Oh man, what a day! Es geht rauf und runter. Ich kann nicht schwanger sein (und bin es auch definitiv nicht!!!), aber so stelle ich mir das vor mit den Wechselbädern der Gefühle.
Aber von vorne: Die Besprechung bringe ich mit breitem Grinsen hinter mich. Heinz schaltet sich mit Bild zu. Ich mieses Miststück kann es mir nicht verkneifen und frage: „Naaaaa… da ist aber einer froh, dass er jetzt weiß, wie das mit dem Video funktioniert, hm?“ Und wider Erwarten sagt er dann – vor allen: „Ja, ich habe mich schon vor allen möglichen Leuten geoutet, dass ich zu dumm war, den Schieber zu betätigen und mir eine Kollegin das zeigen musste. Also danke noch mal, liebe Kollegin!“ Hä? Da bin ich aber platt. Manchmal überrascht er einen – bevor er dann aber auch sofort wieder dämliche Kolben raushaut.

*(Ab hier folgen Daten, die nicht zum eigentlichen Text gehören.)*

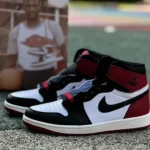 Air Jordan 1 High OG "Black Toe Reimagined" Premium Edition High-Top Sneaker DZ5485-106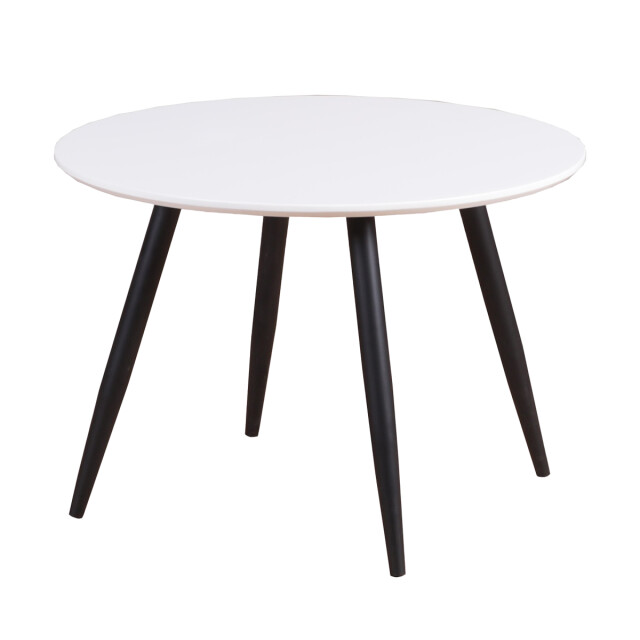 Nest living Bruno ronde kindertafel – met zwarte poten Ø 60 cm 3033383 large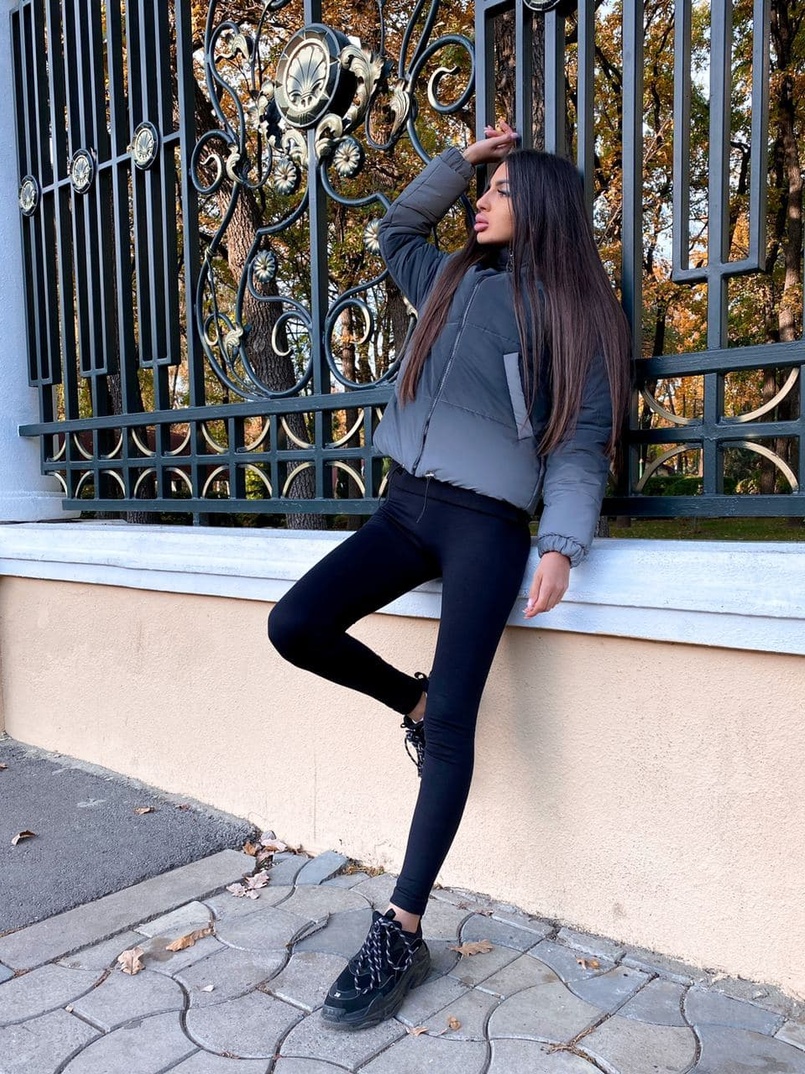 Рефлективный укорочённый зимний дутик Рефлективный укорочённый зимний дутик | PUSHKA SHOP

Inhaltlich ist die Besprechung allerdings wieder mal mehr als mau. Danach folgen diverse Telefonate. Hier ist dann auch spannend, dass andere Abteilungen bitte, bitte, bitte nicht Heinz als Coach wollen. Es wird arbeitsreich bei mir werden – wenn es denn überhaupt wieder richtig was wird…

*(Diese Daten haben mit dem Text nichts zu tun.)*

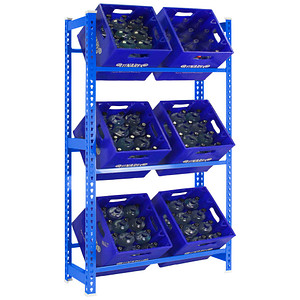 Image Simonrack Getränkekistenregal SIMONBOTTLE 3 8435104962459 blau 80,0 x 30,0 x 180,0 cm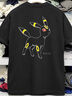 優(yōu)衣庫男裝女裝情侶UT Pokémon印花短袖T恤寶可夢480350 09 黑色 XL /180/108B 曬單實拍圖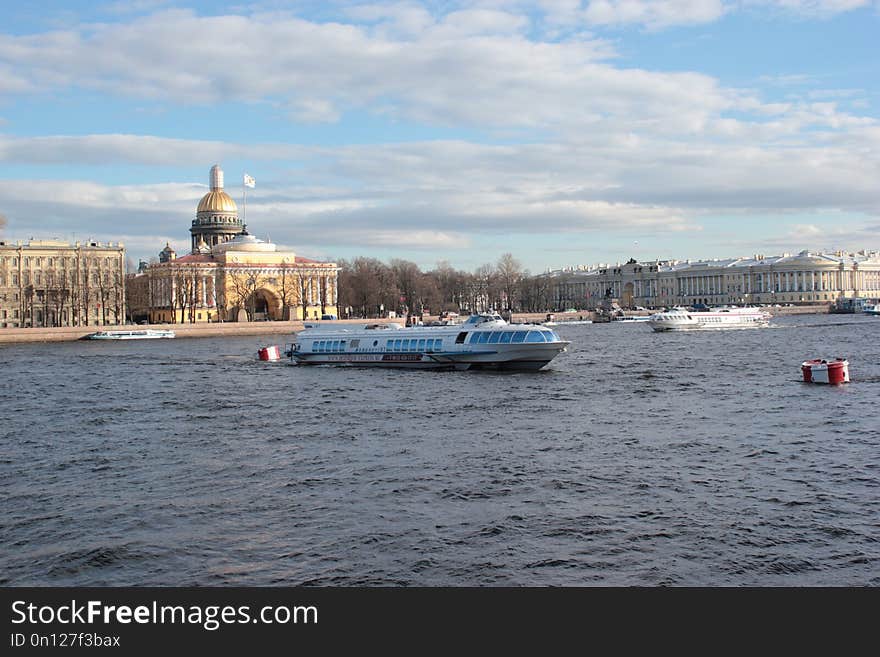 Waterway, Water Transportation, Boat, Ferry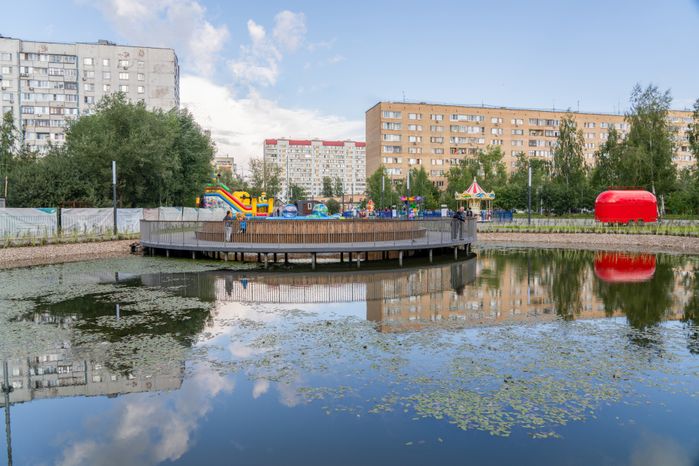 Центральный парк культуры и отдыха  в Лобне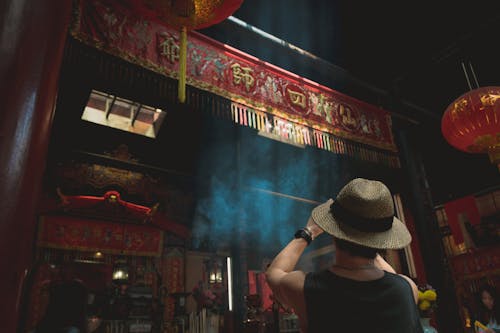 中國人, 女士, 寺廟 的 免费素材图片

Eine Mail erreicht uns nämlich, die Horrorszenarien abbildet. Ein Betriebsratsmitglied leitet sie an uns weiter, was ich unverantwortlich finde. Dabei wird mit Zahlen rumgeschmissen, die gruselig wirken… wie viele Stellen da in der Luftfahrt abgebaut werden sollen! Wie kann ich das der Belegschaft schicken?! Und deswegen rufe ich auch meinen Betriebsrats-Spezl an, dem ich auf die Mailbox quassel, dass so etwas nicht gehe. Er ruft auch zurück und nach kurzem Rumgeflachse, wird er ernst. Jo, das wäre leider keine Schwarzmalerei. Es sehe in der Tat sehr, seeehr düster aus. Sie spielen auch schon Kündigungsszenarien durch. Puh. Das sitzt. Klar, habe ich damit gerechnet, aber trotzdem klingt es hart. Es dauert noch, das Ausmaß kann noch gar nicht bemessen werden. Aber es wird realer. Und so sinkt mein Optimismus gerade ins Bodenlose.

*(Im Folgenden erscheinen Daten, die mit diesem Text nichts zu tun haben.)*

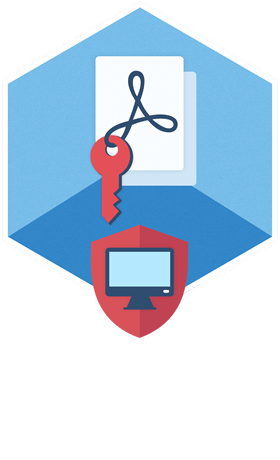 Logo von Advanced PDF Password Recovery zeigt einen Schlüssel und ein PDF-Symbol für PDF-Schutzentfernung und Passwortwiederherstellung.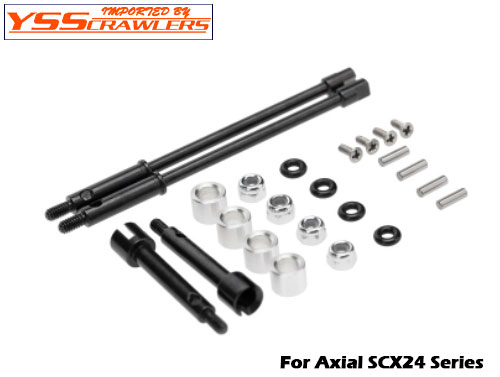 Axial SCX24 +4mm Steel Drive Stub Axles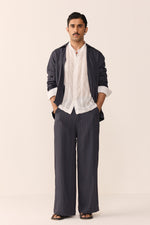 Load image into Gallery viewer, ASYMMETRIC SAILOR SET -BLUE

Danach telefoniere ich mit dem Chef des Nachbarteams, dem ich zum Weggang der doofen Kuh aus seinem Team gratuliere und ihn frage, wie es ihm gehe. „Ich weiß, das darf man gerade nicht sagen: Aber es geht mir echt richtig gut. Ist das zu fassen?! Trotz Corona!“ Ja, es ist zu fassen. Und es freut mich. Da sieht man wieder, wie kräftezehrend solche Energievampire sind. Wir reden über Führungsaufgaben, ich schildere ihm meine Sicht, was ich machen würde in so einer Zeit. Er bedankt sich für die Anregungen. Hallo? Das hat er nicht nötig und meint es doch aufrichtig. Und dann ergänzt er: „Weißt Du, um Dich mache ich mir keine Sorgen. Die wissen Dich hier zu schätzen… und mit Deinen Fähigkeiten bist Du überall eine Bereicherung. Ich danke Dir für ein weiteres, tolles Gespräch!“ Ääääh… Er ist als halber Autist verschrien, der zwischenmenschlich große Herausforderungen hat. Und dann so was. Das berührt mich echt… und rückt meine Welt wieder gerader.
Diese Tage durchlaufen Aufs und Abs. Wir werden kräftig durchgerüttelt und müssen zusehen, mit halbwegs heiler Haut herauszukommen. Ich werde mir Mühe geben… Ihr Euch auch?